The basics of insurable interest
To have an insurable interest means you have some sort of financial stake in the subject matter of a policy (i.e., person or thing being insured). For example, you have an insurable interest in your home because you would experience a financial loss if the house or belongings were destroyed or damaged.
Another way to think about it is whether or not the person looking to buy a policy would have to pay for a loss if they didn’t get insurance. The need to come up with cash demonstrates that person’s insurable interest in the property. If someone doesn’t have a financial interest in the house, there is no insurable interest.
You have to have an insurable interest in the thing to insure it. In other words, you can’t buy a home insurance policy on your neighbor’s house. Even if you did, the policy would be unenforceable.
Insurable interest examples
Insurable interest must exist for a policy to be underwritten. This is true for any insurance policy, including homeowners, business, and life insurance. A person can have an insurable interest in the life of a spouse who earns the family’s income. If the spouse were to die, that person would be without the spouse’s income to support – that’s an insurable interest.
When it comes to homeowners insurance, the question is “Who stands to lose financially if the home is lost or destroyed?” You, the homeowner, clearly stands to lose money. But in some cases, another party may be affected, such as a mortgage company.
This is why mortgage companies almost always require borrowers to buy homeowners insurance. Your mortgage company could be on the hook for hundreds of thousands of dollars or more if your house suffers a total loss without insurance. It’s also why you may receive a claim payment check made payable to both you and your mortgage company. That way, your mortgage lender knows its interest in your home is maintained.
But your mortgage company doesn’t have an insurable interest in everything that’s covered in your homeowners policy, only the physical structure. Your personal belongings, such as clothes and electronics, yours alone so a claim payment for those items come solely to you.
You should note that your insurance company will notify your mortgage lender if you cancel your homeowners policy and don’t obtain new insurance while the lender still has an insurable interest in your home.

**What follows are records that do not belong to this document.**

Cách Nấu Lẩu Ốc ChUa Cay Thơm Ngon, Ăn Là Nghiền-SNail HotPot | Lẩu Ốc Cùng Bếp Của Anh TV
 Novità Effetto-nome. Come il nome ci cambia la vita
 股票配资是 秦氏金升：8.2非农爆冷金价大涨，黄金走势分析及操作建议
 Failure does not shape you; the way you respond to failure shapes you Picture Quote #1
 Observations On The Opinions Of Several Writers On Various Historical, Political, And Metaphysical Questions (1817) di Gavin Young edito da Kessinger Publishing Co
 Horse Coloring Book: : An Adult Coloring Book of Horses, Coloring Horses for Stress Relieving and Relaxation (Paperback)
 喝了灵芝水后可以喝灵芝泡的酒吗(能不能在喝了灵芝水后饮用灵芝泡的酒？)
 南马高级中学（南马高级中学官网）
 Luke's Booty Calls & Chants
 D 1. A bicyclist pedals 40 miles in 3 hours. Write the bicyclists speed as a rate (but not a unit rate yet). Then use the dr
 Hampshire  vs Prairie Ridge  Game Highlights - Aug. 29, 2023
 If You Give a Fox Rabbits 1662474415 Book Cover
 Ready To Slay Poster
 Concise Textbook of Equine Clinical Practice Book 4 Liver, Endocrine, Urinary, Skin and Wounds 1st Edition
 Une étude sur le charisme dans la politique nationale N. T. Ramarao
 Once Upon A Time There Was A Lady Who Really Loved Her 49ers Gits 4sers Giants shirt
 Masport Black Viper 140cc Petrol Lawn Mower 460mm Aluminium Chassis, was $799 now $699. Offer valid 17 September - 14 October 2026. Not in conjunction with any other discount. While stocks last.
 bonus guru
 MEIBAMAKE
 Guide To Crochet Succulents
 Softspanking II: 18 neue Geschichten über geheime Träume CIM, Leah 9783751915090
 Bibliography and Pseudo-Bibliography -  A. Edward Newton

Your lender also has the authority to purchase home insurance for your property and add the cost of the coverage to mortgage payments..
How an insurable interest appears on homeowners policy
Parties with an insurable interest in your home are listed on the insurance policy in most cases, and you can usually find them on your declarations pages. As the homeowner and policyholder, you're listed as a named insured. Family members who live in the house are also covered, although they may not be individually named. Some insurers only include a spouse if the spouse’s name is on the deed.
Your lender, or anyone else with an insurable interest, also appears on your declarations page, often as an additional insured or a loss payee. This allows them to protect their interest in the property but does not make them liable for premiums or allow them to control coverages or make changes to the policy.
When a party has an insurable interest in a property, they often request proof of insurance that shows that they are protected against losses. This is usually accomplished by sending them a certificate of insurance to demonstrate that you’ve named them as either a loss payee or an additional insured.